*** Available records ***

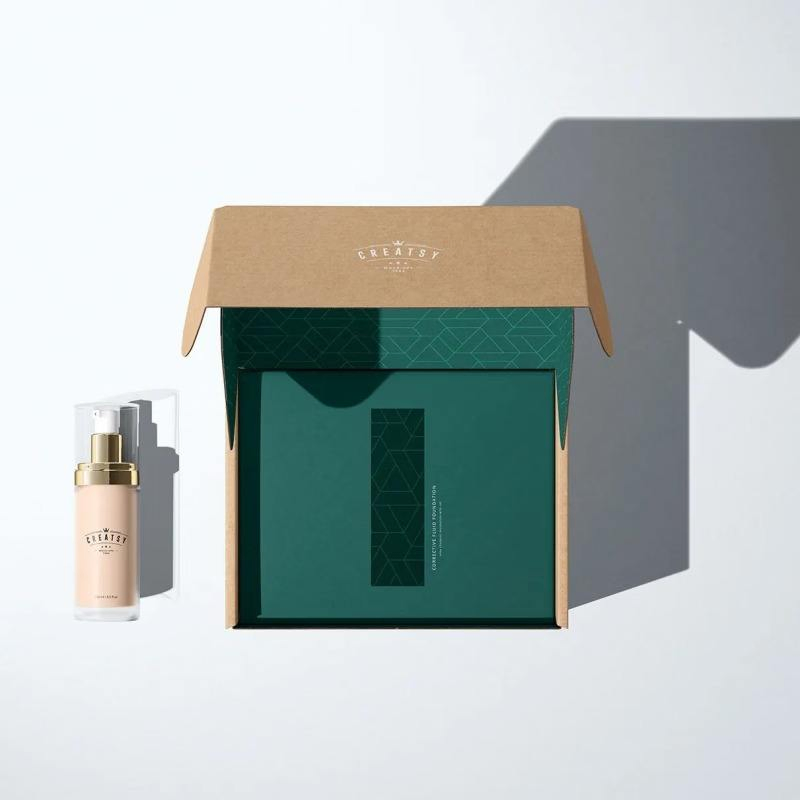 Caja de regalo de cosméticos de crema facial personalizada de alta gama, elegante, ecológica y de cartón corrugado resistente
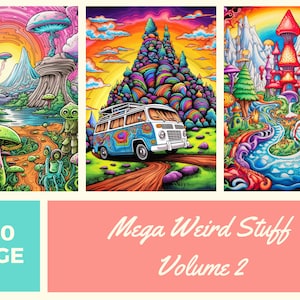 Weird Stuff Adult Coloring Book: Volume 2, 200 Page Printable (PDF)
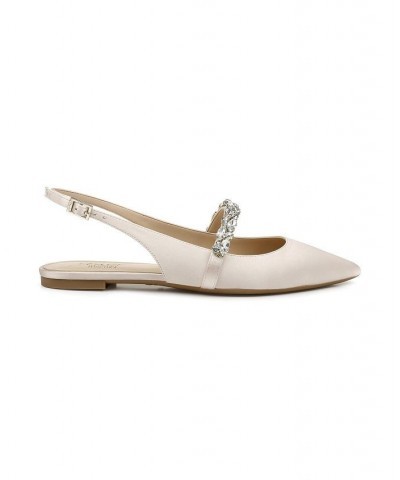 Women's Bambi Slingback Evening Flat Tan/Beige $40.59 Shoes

*** End of Available records ***
*** Available records ***

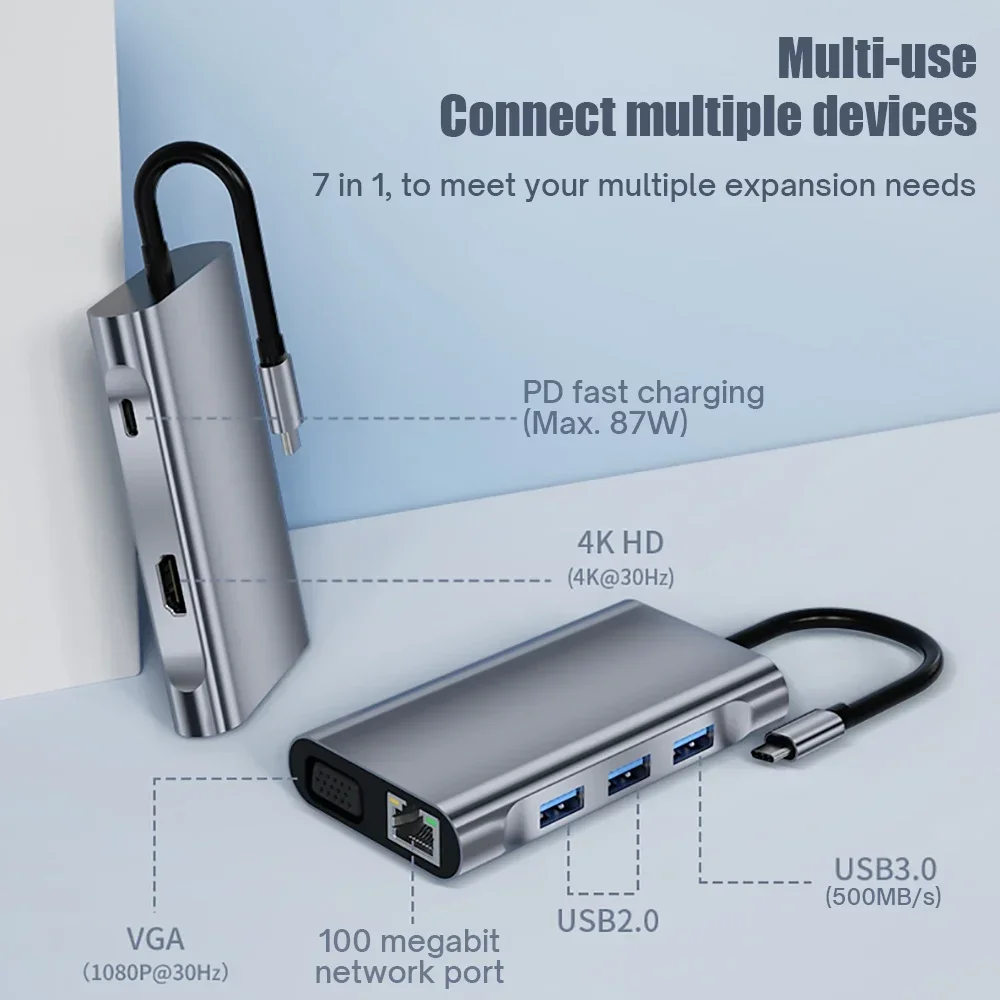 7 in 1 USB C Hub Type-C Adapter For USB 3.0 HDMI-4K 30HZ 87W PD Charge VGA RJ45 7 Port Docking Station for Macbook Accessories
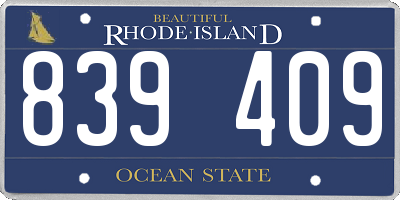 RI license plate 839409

*** End of Available records ***
*** Available records ***

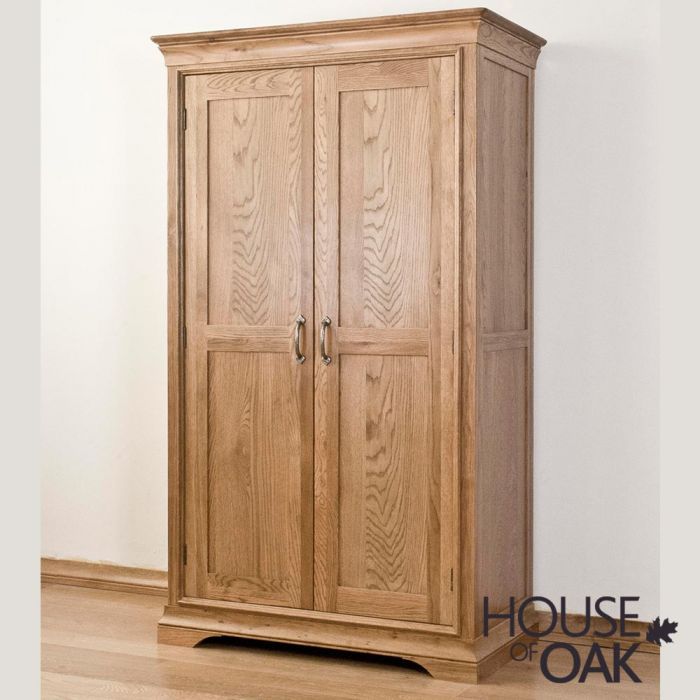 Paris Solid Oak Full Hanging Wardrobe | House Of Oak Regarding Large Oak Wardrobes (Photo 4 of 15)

*** End of Available records ***

▶ **Task objective**:
The answer must be the part of the records that opens with the line containing "Caja de regalo" and closes with the line containing "Women's Bambi Slingback", reproduced exactly, with no pictures.

▶ **Reply to the exercise**:
 Caja de regalo de cosméticos de crema facial personalizada de alta gama, elegante, ecológica y de cartón corrugado resistente
 Weird Stuff Adult Coloring Book: Volume 2, 200 Page Printable (PDF)
 Women's Bambi Slingback Evening Flat Tan/Beige $40.59 Shoes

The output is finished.